So other than being a cultural island and brought up in an old-fashioned set up, I was mostly brought up in an extremely loving home. My mother has always been just pure heart, a truly beautiful soul, while my father had a wicked sense of humour and always looked after us financially & getting us what we needed. It was his way of loving, while mums way was always hugging and kissing and scooping us up in her arms. Both extremely protective of both me and my brother. We have a rock solid relationship between us which I am forever grateful for and comes by effortlessly from the start when these two souls crossed paths and had a family. My perception of love and family has much to do with that although I have learned much from feminism and though I can still remember the few times I coaxed my brother into helping out with some of the menial kitchen tasks, I am forever changed to heading off my own ideas on this. My extended family have adopted different attitudes and stances on the matter of feminism but I know them to find their own happiness whatever they choose to follow and have in their own individual lives.
There’s more ‘filters’ for me, ofcourse, but just these few situations and insiggt into my early life have taught me that;
I can only count on myself (from moving around a lot) and
I would do anything for my family and knew exactly what a loving family, would do, to truly support each other
Those are scratching the surface of these illustrated points as in between lies a multitude of other dynamics affected not only by the sociology of my home structure on family dynamics but also culture of the different environments, culture of the truly International group of friends I’ve had, culture in Brazil with family including behaviours adopted.. it’s a complex thing, the human being.. and these small points I’ve illustrated above from my past are all the positives.
The negative sides from;
Never trusting anyone enough to fully open up to them and be vulnerable to them
the feminine to male dynamics wnd gender expectations still fill me with guilt sometimes, much more rarely now, for not doing certain things and fulfilling those expectations.
I feel my extended family have grown to understand I’m the slightly mixed-culture member of the family, along with my brother, no less loved by my cousins, aunts and uncles than had I stayed in Brazil with them. We appreciate each other’s differences and I see much less of the battle of the sexes shall we say, between my family members and their counterparts. It is a generic sweeping statement to say about Brazil.. that it is generally-speaking a macho society.. but the people I know fit into happiness in whatever way that brings them, somewhat more equally balanced than, say, my grandparents generation.

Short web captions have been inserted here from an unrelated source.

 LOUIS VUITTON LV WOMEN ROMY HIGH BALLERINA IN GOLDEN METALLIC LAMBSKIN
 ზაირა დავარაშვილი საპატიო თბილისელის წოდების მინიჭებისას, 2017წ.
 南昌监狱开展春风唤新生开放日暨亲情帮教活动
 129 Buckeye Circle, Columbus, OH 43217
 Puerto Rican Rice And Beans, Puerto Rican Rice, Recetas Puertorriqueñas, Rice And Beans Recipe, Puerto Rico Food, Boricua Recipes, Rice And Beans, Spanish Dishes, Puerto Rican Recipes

What has happened to you up until the age of 8, has made you, you.. today. I have to say it.., ‘The good, the bad and the ugly’. We must shed our skins several times in our lifetime as life events change us. We become the Human Kintsugi, as per my first blog, something broken and put back together again. I would urge you to read that post if you haven’t done so already. We become amazing at loyalty, bad at relationships, scared to commit, highly independent, super feminist, utterly frightened of human interaction or love, fiercely independent or entirely dependent.. whatever happened to you, in whatever way this lifetime has shaped you, we all have to, at some point, do the hard work and face these issues so that we may break ourselves, or ‘dust the mirror’ and put ourselves back together in a much more beautiful, wholesome and balanced way.

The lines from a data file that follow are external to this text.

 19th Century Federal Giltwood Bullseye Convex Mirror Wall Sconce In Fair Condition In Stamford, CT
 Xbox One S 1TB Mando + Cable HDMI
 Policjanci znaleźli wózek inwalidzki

No one ever has reached adulthood in perfect balance.. there has always been something to address and the crux is, sometimes it never becomes clearer to you then when things are going wrong in your life, when the shit truly hits the fan with loss. Loss of relationships, friends, family, jobs, our health.. whatever skewered way we see the world, through those baggage-lauren rose-tinted glasses, it is not the reality of it and it becomes something we have to face to see our true selves in the mirror.
What you see and who you are, well if you’ve lived long enough to be able to read this post and understand its message, then you understand that by breaking and pulling yourself back together again you have become a much much stronger, much more resilient and, most of all, a much more balanced perdon than you were. Able now to, uncompromisingly-so, seek your true happiness, striking a balance between your own expectations of yourself and knowing yourself well enough to understand when you need to do more work on yourself and when to walk away from situations that done serve you anymore. It’s the true difference between knowing whether the situation you’re in isn’t working out because you’re broken or because the situation is, in fact, now behind you, something you know you need to leave. It takes courage, it takes guts and it takes perseverance and inner wisdom to achieve that, no matter how old you are and no matter what you are going through. The one thing that is always constant in your life, if all else has failed you, is that the Universe always wants you to succeed and it always has your back. Sometimes you just need to get out of your own way to see it.. but when you do, and realise that change is needed, something needs to give, to break.. then everything in your life conspires for your success. Opportunities will embrace you and likewise may test your resolve on the new you.. but everything changes after you’ve changed. While you hold on to an old belief of yourself or the world around you, you remain captive to perpetuating the same situation in your life over and over, making the same mistake, until you finally stop mid-cycle and wonder why you got there in the first place.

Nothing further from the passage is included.